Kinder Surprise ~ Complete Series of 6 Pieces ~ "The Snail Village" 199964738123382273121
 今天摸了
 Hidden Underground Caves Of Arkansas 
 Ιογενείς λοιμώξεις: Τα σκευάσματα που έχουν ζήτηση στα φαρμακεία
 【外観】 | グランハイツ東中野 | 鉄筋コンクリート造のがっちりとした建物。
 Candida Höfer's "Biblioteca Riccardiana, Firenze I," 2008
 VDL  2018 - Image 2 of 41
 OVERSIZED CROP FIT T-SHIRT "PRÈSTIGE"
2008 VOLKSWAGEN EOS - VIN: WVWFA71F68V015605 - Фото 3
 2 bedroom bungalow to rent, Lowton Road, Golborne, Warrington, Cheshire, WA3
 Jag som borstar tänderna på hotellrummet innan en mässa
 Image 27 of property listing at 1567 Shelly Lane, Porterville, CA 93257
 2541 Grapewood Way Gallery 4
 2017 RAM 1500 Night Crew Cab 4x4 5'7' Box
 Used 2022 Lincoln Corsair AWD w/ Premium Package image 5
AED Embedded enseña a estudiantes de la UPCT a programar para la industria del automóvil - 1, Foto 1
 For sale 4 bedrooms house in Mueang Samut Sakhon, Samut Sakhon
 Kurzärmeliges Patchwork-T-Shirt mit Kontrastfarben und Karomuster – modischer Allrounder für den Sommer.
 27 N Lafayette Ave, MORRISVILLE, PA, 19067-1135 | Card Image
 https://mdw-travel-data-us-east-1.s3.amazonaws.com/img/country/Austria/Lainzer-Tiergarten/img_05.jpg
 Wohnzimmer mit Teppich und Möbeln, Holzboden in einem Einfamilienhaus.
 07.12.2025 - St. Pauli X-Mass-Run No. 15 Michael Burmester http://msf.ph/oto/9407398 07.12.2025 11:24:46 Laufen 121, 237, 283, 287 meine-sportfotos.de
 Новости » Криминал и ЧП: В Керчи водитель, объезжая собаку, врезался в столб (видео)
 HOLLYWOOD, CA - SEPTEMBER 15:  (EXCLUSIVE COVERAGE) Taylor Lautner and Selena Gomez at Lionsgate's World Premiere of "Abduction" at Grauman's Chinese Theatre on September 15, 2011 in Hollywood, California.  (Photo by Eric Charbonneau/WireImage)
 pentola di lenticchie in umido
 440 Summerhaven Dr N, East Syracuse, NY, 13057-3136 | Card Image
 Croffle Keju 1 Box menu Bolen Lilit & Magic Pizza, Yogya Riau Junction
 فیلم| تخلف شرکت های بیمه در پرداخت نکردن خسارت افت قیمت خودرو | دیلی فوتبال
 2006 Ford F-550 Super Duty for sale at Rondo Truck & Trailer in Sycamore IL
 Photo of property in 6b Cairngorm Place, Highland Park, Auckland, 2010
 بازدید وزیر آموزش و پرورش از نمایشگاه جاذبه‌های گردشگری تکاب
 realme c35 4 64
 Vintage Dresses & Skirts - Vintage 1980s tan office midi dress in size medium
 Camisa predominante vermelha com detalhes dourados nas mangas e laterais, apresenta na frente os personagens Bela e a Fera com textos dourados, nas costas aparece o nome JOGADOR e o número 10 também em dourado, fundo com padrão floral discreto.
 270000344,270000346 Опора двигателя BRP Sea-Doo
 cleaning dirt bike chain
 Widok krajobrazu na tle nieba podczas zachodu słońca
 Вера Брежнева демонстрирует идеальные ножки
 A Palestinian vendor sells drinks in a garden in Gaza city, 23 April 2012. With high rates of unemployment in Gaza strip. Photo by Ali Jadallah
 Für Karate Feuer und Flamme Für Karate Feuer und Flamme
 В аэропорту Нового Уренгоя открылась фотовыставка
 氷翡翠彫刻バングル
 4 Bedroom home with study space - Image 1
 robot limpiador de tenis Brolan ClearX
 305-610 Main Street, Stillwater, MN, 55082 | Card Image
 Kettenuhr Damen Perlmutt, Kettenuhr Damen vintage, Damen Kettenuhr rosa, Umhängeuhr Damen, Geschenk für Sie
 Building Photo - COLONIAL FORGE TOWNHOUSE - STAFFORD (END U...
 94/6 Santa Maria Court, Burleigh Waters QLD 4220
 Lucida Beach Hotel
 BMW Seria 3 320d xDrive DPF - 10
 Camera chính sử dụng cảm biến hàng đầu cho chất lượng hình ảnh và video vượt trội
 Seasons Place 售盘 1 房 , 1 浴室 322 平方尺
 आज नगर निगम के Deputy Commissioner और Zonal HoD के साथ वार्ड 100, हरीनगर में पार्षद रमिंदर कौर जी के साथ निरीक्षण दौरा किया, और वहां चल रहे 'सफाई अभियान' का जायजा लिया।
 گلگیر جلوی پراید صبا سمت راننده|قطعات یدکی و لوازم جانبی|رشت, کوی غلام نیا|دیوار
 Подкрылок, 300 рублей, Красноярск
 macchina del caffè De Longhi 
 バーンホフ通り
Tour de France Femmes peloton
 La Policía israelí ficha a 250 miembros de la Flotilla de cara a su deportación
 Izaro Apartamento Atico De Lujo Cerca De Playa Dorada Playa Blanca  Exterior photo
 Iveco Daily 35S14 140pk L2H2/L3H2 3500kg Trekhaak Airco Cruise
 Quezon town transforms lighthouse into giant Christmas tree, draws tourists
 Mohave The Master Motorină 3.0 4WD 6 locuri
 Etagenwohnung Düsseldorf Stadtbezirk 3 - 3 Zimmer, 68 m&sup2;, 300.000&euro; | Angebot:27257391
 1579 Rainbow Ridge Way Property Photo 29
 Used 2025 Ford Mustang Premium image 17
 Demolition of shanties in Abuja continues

Instructions for the task — Set each line down exactly, starting with the one that contains "В аэропорту Нового" and ending with the last line of the listing; add nothing else.

Task response —
 В аэропорту Нового Уренгоя открылась фотовыставка
 氷翡翠彫刻バングル
 4 Bedroom home with study space - Image 1
 robot limpiador de tenis Brolan ClearX
 305-610 Main Street, Stillwater, MN, 55082 | Card Image
 Kettenuhr Damen Perlmutt, Kettenuhr Damen vintage, Damen Kettenuhr rosa, Umhängeuhr Damen, Geschenk für Sie
 Building Photo - COLONIAL FORGE TOWNHOUSE - STAFFORD (END U...
 94/6 Santa Maria Court, Burleigh Waters QLD 4220
 Lucida Beach Hotel
 BMW Seria 3 320d xDrive DPF - 10
 Camera chính sử dụng cảm biến hàng đầu cho chất lượng hình ảnh và video vượt trội
 Seasons Place 售盘 1 房 , 1 浴室 322 平方尺
 आज नगर निगम के Deputy Commissioner और Zonal HoD के साथ वार्ड 100, हरीनगर में पार्षद रमिंदर कौर जी के साथ निरीक्षण दौरा किया, और वहां चल रहे 'सफाई अभियान' का जायजा लिया।
 گلگیر جلوی پراید صبا سمت راننده|قطعات یدکی و لوازم جانبی|رشت, کوی غلام نیا|دیوار
 Подкрылок, 300 рублей, Красноярск
 macchina del caffè De Longhi 
 バーンホフ通り
Tour de France Femmes peloton
 La Policía israelí ficha a 250 miembros de la Flotilla de cara a su deportación
 Izaro Apartamento Atico De Lujo Cerca De Playa Dorada Playa Blanca  Exterior photo
 Iveco Daily 35S14 140pk L2H2/L3H2 3500kg Trekhaak Airco Cruise
 Quezon town transforms lighthouse into giant Christmas tree, draws tourists
 Mohave The Master Motorină 3.0 4WD 6 locuri
 Etagenwohnung Düsseldorf Stadtbezirk 3 - 3 Zimmer, 68 m&sup2;, 300.000&euro; | Angebot:27257391
 1579 Rainbow Ridge Way Property Photo 29
 Used 2025 Ford Mustang Premium image 17
 Demolition of shanties in Abuja continues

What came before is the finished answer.